5.3 Un recuerdo

Es fin de semana. Me desperté, de nuevo, como a las nueve de la mañana. Es la hora en la que me canso de dormir, habitualmente. Tengo a un gato al lado, el otro en medio de nosotros, y ambos perros pequeños duermen a nuestros pies. En cuanto se nota que estoy despierta, es momento de hacerle algo de caso a los animales: apapacho para el gato, ser saltada por el otro gato, tener dos perros que buscan mi atención. Los gatos saben que, a partir de que los perros piden ser el foco, es momento de desperezarse e ir a otro lado. Los perros nunca han sabido dejar de ser el foco de atención.

Después de un rato de acurrucamiento con animales, y sabiendo que R. no se va a despertar hasta bien entrado el mediodía, decido levantarme. Es hora de que mi estómago reciba algo: voy a la cocina por un plato de cereal con leche. El sonido de mis pasos despierta a los perros de la sala, que también empiezan a rascar la puerta. Entonces, en vez de desayuno en la cama, con libro, tendrá que ser desayuno en la sala. Voy de regreso a la recámara por la novela que tengo en la mesa de noche.

Con la novela bajo el brazo y el plato de cereal en esa misma mano, salgo del dominio humano al dominio de los perros, que en algún momento fue la sala-comedor. Se siente fresco, por la puerta abierta para que salieran al patio. Los perros pequeños salen corriendo para allá; los grandes quieren saludarme. Coloco el plato de cereal en alto, cambio el libro de mano y procuro abrirme paso hasta el sillón. Basta llegar a mi rincón, la esquina del chaisse-lounge, para que todas las bestias sepan que ya es hora de pasar la mañana de pequeños placeres todos juntos. Maya seguirá en el taburete, meneando la cola con fuerza; Dongo pide atención, y para ello se alterna con Chico y con Chuck. Olga sabe que no necesita trucos: le basta hacer valer su antigüedad y acurrucarse justo a mi derecha, lo más cerca posible de mí.
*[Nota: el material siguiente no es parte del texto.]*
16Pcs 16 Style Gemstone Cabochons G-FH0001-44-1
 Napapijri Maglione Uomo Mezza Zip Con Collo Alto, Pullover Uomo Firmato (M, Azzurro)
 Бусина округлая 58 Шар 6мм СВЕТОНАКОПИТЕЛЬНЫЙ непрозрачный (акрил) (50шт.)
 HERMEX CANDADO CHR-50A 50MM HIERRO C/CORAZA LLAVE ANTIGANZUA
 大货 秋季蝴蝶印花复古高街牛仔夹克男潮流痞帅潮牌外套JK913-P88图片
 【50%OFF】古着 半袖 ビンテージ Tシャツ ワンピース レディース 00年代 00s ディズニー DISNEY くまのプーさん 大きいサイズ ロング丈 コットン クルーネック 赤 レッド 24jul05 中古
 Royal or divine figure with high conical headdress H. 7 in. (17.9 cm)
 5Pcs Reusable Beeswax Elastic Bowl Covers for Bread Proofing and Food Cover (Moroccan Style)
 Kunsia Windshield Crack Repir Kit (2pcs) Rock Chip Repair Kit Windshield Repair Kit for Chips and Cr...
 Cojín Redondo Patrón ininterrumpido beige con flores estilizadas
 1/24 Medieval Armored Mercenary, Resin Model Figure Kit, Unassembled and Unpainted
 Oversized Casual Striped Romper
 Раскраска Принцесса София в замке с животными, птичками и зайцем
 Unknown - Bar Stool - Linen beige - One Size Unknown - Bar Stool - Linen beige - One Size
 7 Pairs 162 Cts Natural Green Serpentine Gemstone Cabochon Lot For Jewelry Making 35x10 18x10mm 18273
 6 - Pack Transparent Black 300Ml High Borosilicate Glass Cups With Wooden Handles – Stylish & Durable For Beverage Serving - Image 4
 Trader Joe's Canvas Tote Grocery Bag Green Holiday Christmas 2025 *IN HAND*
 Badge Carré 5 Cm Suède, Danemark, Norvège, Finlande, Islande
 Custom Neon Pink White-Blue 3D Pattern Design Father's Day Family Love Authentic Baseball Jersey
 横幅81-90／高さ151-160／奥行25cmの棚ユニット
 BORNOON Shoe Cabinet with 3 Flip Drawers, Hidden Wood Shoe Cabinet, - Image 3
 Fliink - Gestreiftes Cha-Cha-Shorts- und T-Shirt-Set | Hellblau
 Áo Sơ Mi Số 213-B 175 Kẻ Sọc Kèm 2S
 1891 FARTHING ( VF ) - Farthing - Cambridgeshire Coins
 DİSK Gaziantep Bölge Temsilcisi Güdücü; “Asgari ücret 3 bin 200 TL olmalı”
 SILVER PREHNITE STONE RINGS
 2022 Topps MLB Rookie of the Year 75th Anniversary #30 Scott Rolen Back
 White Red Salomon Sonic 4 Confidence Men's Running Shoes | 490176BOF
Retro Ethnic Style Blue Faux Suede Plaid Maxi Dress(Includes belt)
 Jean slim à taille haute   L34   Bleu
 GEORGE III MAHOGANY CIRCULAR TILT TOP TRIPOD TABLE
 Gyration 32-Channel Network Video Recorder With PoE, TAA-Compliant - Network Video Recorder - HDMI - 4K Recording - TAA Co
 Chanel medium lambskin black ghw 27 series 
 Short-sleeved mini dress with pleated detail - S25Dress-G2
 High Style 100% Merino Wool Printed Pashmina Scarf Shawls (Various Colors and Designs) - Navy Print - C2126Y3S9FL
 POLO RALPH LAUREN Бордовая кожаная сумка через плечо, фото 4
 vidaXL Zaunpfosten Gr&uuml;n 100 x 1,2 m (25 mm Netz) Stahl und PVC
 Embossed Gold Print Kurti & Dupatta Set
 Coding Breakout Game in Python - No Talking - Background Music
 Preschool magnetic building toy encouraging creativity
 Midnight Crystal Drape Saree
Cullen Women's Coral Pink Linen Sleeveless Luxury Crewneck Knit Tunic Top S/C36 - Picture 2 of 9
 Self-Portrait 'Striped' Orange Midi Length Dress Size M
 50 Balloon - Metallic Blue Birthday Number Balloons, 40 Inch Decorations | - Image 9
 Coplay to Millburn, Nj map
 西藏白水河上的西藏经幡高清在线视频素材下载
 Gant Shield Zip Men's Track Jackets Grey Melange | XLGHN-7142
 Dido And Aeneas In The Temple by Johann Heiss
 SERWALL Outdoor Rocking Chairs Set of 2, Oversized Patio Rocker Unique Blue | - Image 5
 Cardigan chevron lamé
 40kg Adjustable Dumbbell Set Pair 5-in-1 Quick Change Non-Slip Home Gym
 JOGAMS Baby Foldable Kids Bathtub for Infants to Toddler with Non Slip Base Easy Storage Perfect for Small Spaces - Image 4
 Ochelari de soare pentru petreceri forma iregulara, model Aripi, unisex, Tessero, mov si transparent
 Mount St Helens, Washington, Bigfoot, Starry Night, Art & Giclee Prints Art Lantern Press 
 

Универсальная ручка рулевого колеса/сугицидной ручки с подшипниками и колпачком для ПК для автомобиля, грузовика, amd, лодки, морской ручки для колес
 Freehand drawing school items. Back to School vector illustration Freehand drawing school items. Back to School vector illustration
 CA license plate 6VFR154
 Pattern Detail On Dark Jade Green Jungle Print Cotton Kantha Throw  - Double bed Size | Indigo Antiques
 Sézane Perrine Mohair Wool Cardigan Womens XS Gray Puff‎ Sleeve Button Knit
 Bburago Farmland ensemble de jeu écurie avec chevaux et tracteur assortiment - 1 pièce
Pongo el libro y el plato de cereal en el rincón que no alcanzan los perros. Acomodo la cobija que siempre esta ahí, a la mano, para mantenerme calientita. Después de los primeros tres minutos, regresa la paz y la tranquilidad: los perros saben que ahí estoy, me terminé el cereal a velocidad, empiezo a entrar nuevamente en calor. Es el momento de abrir de nuevo el libro, y leer en silencio, rodeada de todo el amor del mundo, hasta que R. despierte y su ritmo se imponga a los nuestros.